The recently published EU Anti-Corruption Report explains the situation in each Member State: what anti-corruption measures are in place, which ones are working well, what could be improved and how.
In Romania, both petty and political corruption remains a significant problem, according to the report. Although some positive results have been observed when it comes to prosecution of high level corruption cases, political will to address corruption and promote high standards of integrity has been inconsistent.
The European Commission suggests that Romania ensures that all necessary guarantees remain in place to safeguard the independence and continuation of non-partisan investigations into high-level corruption cases, including with regard to elected and appointed officials.
The Commission also suggests that Romania develops comprehensive codes of conduct for elected officials and that dissuasive sanctions for corrupt practices are ensured. Strengthening of prevention and control mechanisms with regard to public procurement and public contracts is also suggested, including in state-owned and state-controlled companies.

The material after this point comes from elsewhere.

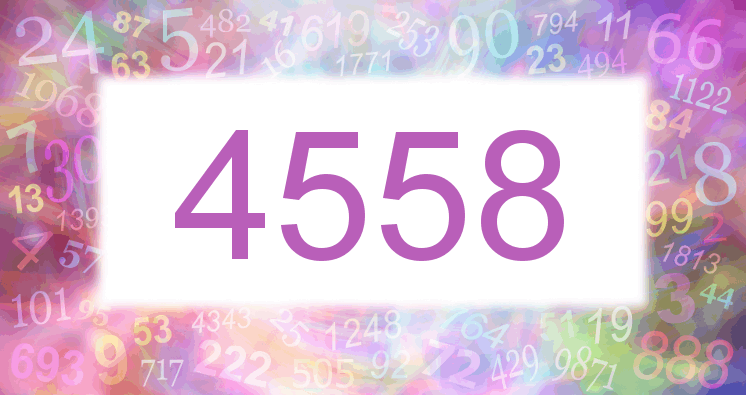 Dreams about number 4558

Furthermore, the Commission suggests increasing the efficiency of prevention and detection of conflicts of interest among public officials, as well as strengthening safeguards when it comes to allocation of public funding, and carrying out strategies to reduce corruption in healthcare.
Alongside an analysis of the situation in each EU Member State, the European Commission is also presenting two extensive opinion polls. More than three quarters of European citizens, and a full 93 percent of Romanians, agree that corruption is widespread in their home country.
25 percent of Romanians, the second highest percentage in the EU, have been asked or expected to pay a bribe in the past year, compared to the EU average of 4 percent.